Jeszcze na początku tygodnia przepowiednie analityków, wieszczących głębszą przecenę, wielu traktowało jako typowy bełkot. Dziś, niestety, wygląda na to, że czarne scenariusze wchodzą do realizacji, choć już ostatnia bessa pokazała, z emocje są złym doradcą i paniczna wyprzedaż akcji kończy się często równie dynamiczną pogonią za odkupieniem akcji.
Widać to choćby po notowaniach TPSA, które wczoraj na zamknięciu w dość dziwnych okolicznościach straciły ponad 10 proc., istotnie wpływając na zamknięcie WIG20 aż 3 proc. pod kreską. Dziś kurs telekomu (spółki uważanej przecież za defensywną) odbija o ponad 6 proc., ratując tym samym po części obraz rynku.
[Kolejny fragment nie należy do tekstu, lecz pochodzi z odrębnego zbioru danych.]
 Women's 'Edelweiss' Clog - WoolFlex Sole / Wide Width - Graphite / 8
Ten i tak nie jest różowy, choć pierwsza godzina (obroty akcjami największych spółek zbliżają się do 300 mln zł) sesji, odbywającej się w takiej atmosferze, rzadko jest dobrym wyznacznikiem tego, co będzie się działo w dalszej fazie notowań. Zwłaszcza że za granicą nastroje nie są aż tak minorowe: indeksy w Londynie, Paryżu i Frankfurcie tracą po 1 proc., a czeski CTX (dzięki CEZ-owi) nawet zyskuje.
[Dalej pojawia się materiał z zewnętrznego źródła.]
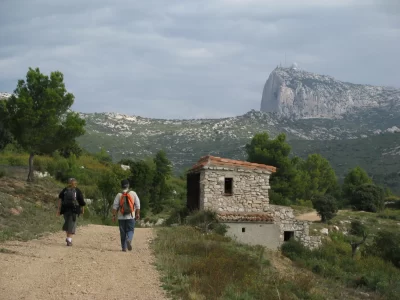 EVANA-8211-Randonnees-et-balades-a-pied-en-Provence_449759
Na razie spółek, które drożeją w Warszawie, jest jednak jak na lekarstwo. Wśród nich Plaza Centers, Radpol, CEZ i ERG.
Niespełna 12 proc. traci PGE. W „Rz” Jan Bury, wiceminister skarbu mówi, że resort rozważa sprzedaż nawet 22-24 proc. akcji koncernu. W średnim terminie byłaby to zła wiadomość dla akcjonariusz (presja podażowa), ale w dłuższym dobra, bo PGE byłoby spółką o największym wpływie na WIG20.